Stored records
[Start of Attachment]

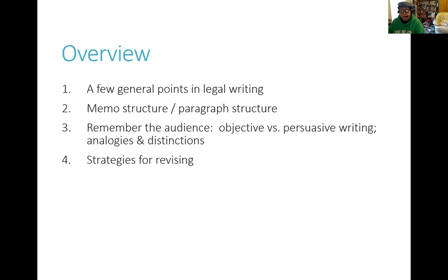There's also legal writing within legislation. We'll have a look at some of the issues around memo structure and paragraph structure. This is really about good writing — looking at the audience. We don't usually, unless it's a personal diary, write for nobody. There's always an audience in mind, and you need to consider that when looking at different forms of writing, the kind of analogies and distinctions, and strategies of revising.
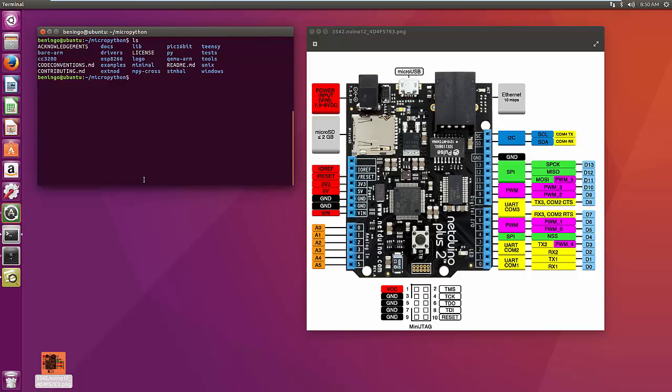Hello, I'm Jacob Beningo, an embedded software consultant, and today I'm going to walk you through my second video on MicroPython. In this video, we're going to look at the MicroPython build system itself, and figure out how we can build MicroPython and then deploy it onto a development kit of our choice.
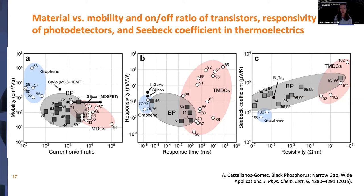We could consider making similar comparison plots for important parameters in biomedical engineering, and depending on what application you're looking at, use them to pick out which of these materials are most desired.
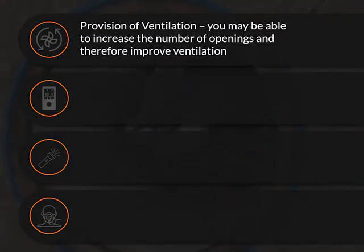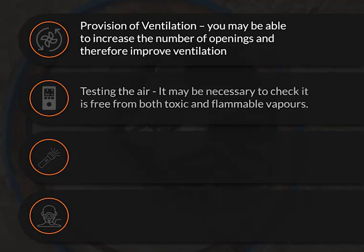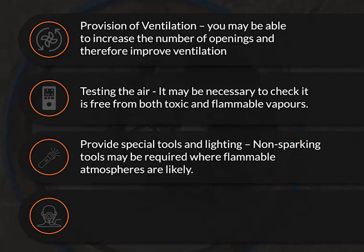Provision of Ventilation: You may be able to increase the number of openings and therefore improve ventilation. Testing the air: It may be necessary to check it is free from toxic and flammable vapours. Provide special tools and lighting: Non-sparking tools may be required where flammable atmospheres are likely.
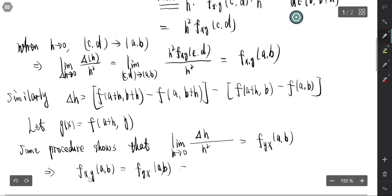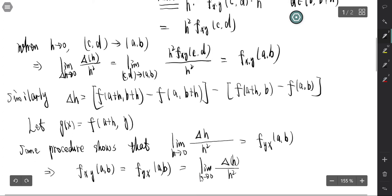Both equal the limit as h tends to 0 of ΔH over h². And this finishes the proof.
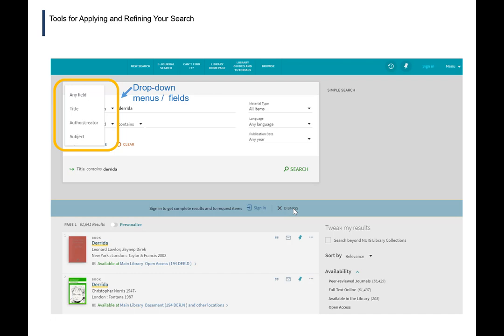Drop-down menus — again from the Inui Galway catalog — can be handy to search for a keyword in the title. So if you're getting a lot of results and many of them are not particularly relevant, you can look for a keyword in the title rather than any field, and that will tighten up the results considerably.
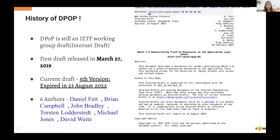A little bit of history: DPoP was introduced in 2019, so it is relatively recent. It is currently on its fifth version and has six authors involved. However, many vendors in the IAM domain have already implemented DPoP because it is one of the most important concerns when working with access tokens and public clients.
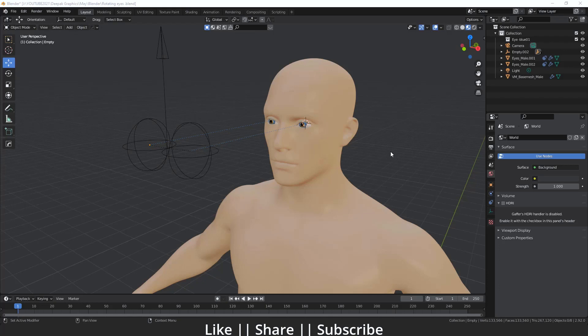Hello everyone, welcome to my YouTube channel. In this video I'm going to talk about how you can create a basic eye rig in Blender with the help of the Track To constraint. Without any further delay, let's get started. Before starting the tutorial, I just want to show you what we are exactly going to make in this video.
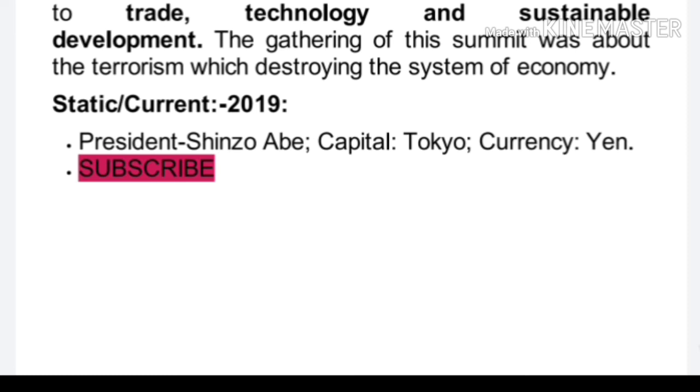Important facts about Japan: the Prime Minister is Shinzo Abe, the capital is Tokyo, and the currency is the Yen.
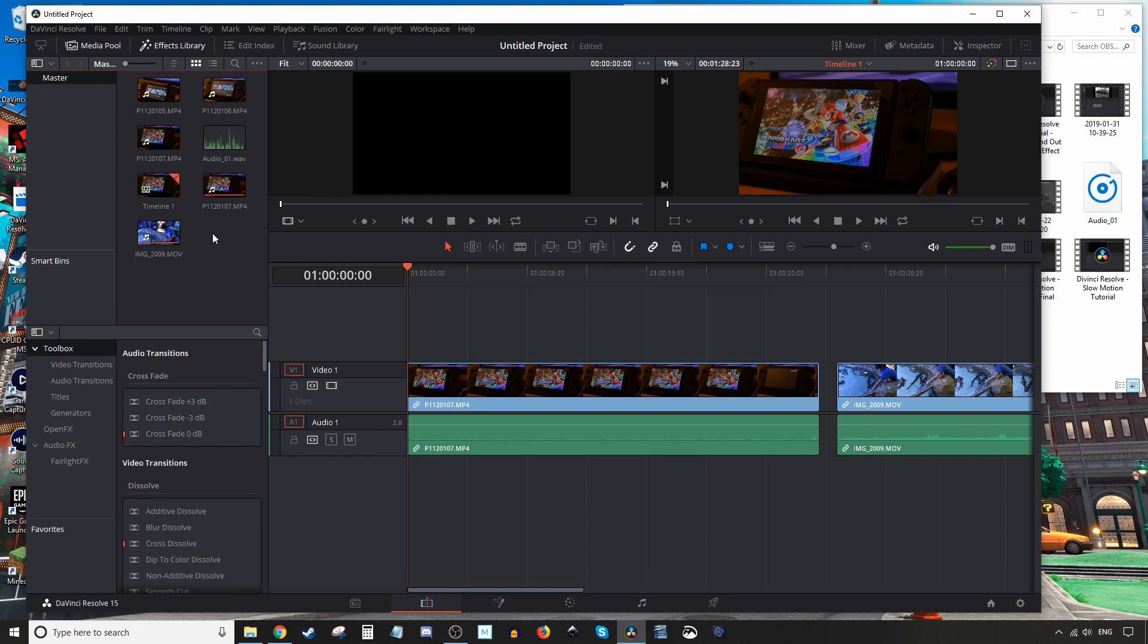Okay, well that's it. Those are the ways you can import media into your project. And it doesn't matter what kind of media, whether it's movies, pictures, or audio. That's it for today's tutorial. As usual, don't forget: peace and aloha.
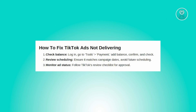And lastly, ads being in review or rejected status can also hinder delivery. TikTok's ad review process typically takes up to 24 hours. To expedite the approval, adhere closely to TikTok's ad review checklist, ensuring compliance with the landing page, ad messages, language, and quality guidelines.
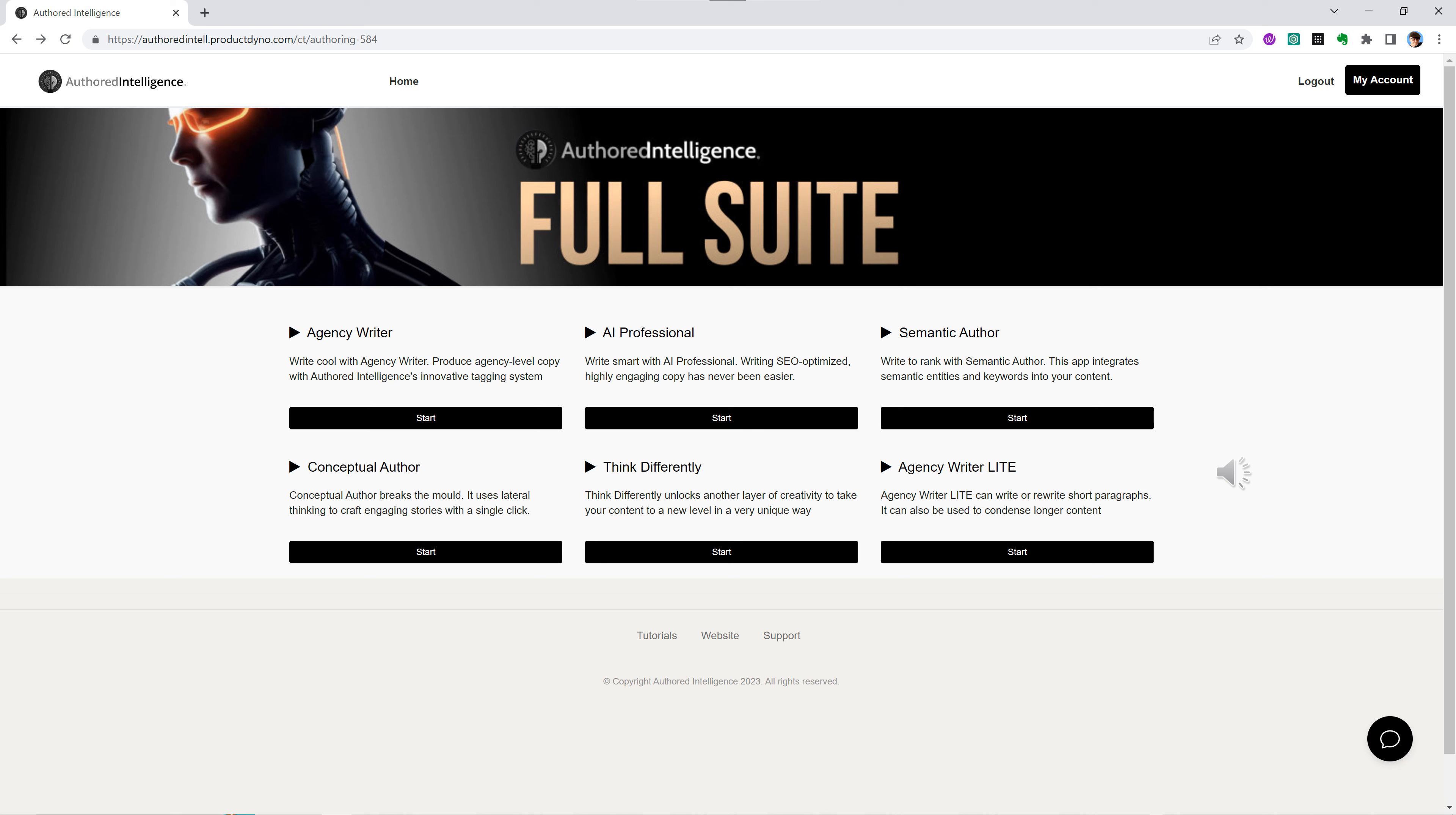AI content has become an increasingly important part of our digital experience. And with the right techniques, you can create AI content that is highly engaging and extremely effective in half the time it takes with other tools. Let me explain.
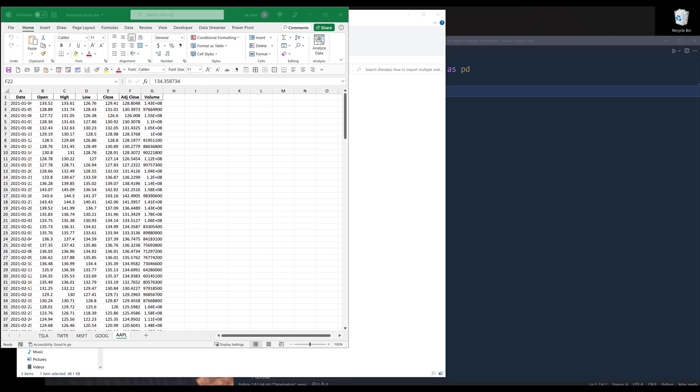Hey, how's it going guys? In this video, I'm going to show you how to import multiple worksheets from an Excel file using the pandas library.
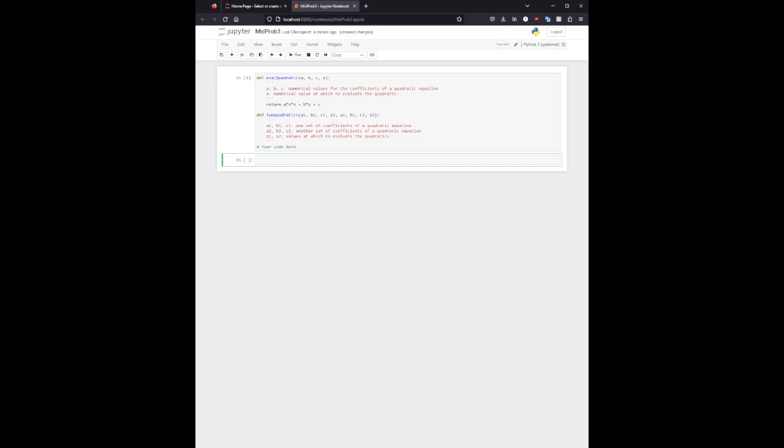One thing we can do here - since we can already do one quadratic formula - have the second one invoke the first one twice. And that should do the trick.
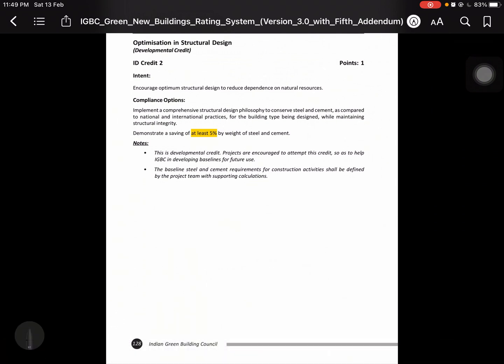Credit 2: Optimization in Structural Design. Encourage optimum structural design to reduce dependence on natural resources. Implement a comprehensive structural design philosophy to conserve steel and cement as compared to national and international practices for the building type being designed while maintaining structural integrity. Demonstrate a savings of at least 5% weight by steel and cement.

[End of Attachment]

* [WORK TASK]: Quote the records in their entirety, keeping the wording exact and excluding pictures.

* [OUTPUT FOR THIS TASK]:
There's also legal writing within legislation. We'll have a look at some of the issues around memo structure and paragraph structure. This is really about good writing — looking at the audience. We don't usually, unless it's a personal diary, write for nobody. There's always an audience in mind, and you need to consider that when looking at different forms of writing, the kind of analogies and distinctions, and strategies of revising.
Hello, I'm Jacob Beningo, an embedded software consultant, and today I'm going to walk you through my second video on MicroPython. In this video, we're going to look at the MicroPython build system itself, and figure out how we can build MicroPython and then deploy it onto a development kit of our choice.
We could consider making similar comparison plots for important parameters in biomedical engineering, and depending on what application you're looking at, use them to pick out which of these materials are most desired.
Provision of Ventilation: You may be able to increase the number of openings and therefore improve ventilation. Testing the air: It may be necessary to check it is free from toxic and flammable vapours. Provide special tools and lighting: Non-sparking tools may be required where flammable atmospheres are likely.
Both equal the limit as h tends to 0 of ΔH over h². And this finishes the proof.
Drop-down menus — again from the Inui Galway catalog — can be handy to search for a keyword in the title. So if you're getting a lot of results and many of them are not particularly relevant, you can look for a keyword in the title rather than any field, and that will tighten up the results considerably.
A little bit of history: DPoP was introduced in 2019, so it is relatively recent. It is currently on its fifth version and has six authors involved. However, many vendors in the IAM domain have already implemented DPoP because it is one of the most important concerns when working with access tokens and public clients.
Hello everyone, welcome to my YouTube channel. In this video I'm going to talk about how you can create a basic eye rig in Blender with the help of the Track To constraint. Without any further delay, let's get started. Before starting the tutorial, I just want to show you what we are exactly going to make in this video.
Important facts about Japan: the Prime Minister is Shinzo Abe, the capital is Tokyo, and the currency is the Yen.
Okay, well that's it. Those are the ways you can import media into your project. And it doesn't matter what kind of media, whether it's movies, pictures, or audio. That's it for today's tutorial. As usual, don't forget: peace and aloha.
And lastly, ads being in review or rejected status can also hinder delivery. TikTok's ad review process typically takes up to 24 hours. To expedite the approval, adhere closely to TikTok's ad review checklist, ensuring compliance with the landing page, ad messages, language, and quality guidelines.
AI content has become an increasingly important part of our digital experience. And with the right techniques, you can create AI content that is highly engaging and extremely effective in half the time it takes with other tools. Let me explain.
Hey, how's it going guys? In this video, I'm going to show you how to import multiple worksheets from an Excel file using the pandas library.
One thing we can do here - since we can already do one quadratic formula - have the second one invoke the first one twice. And that should do the trick.
Credit 2: Optimization in Structural Design. Encourage optimum structural design to reduce dependence on natural resources. Implement a comprehensive structural design philosophy to conserve steel and cement as compared to national and international practices for the building type being designed while maintaining structural integrity. Demonstrate a savings of at least 5% weight by steel and cement.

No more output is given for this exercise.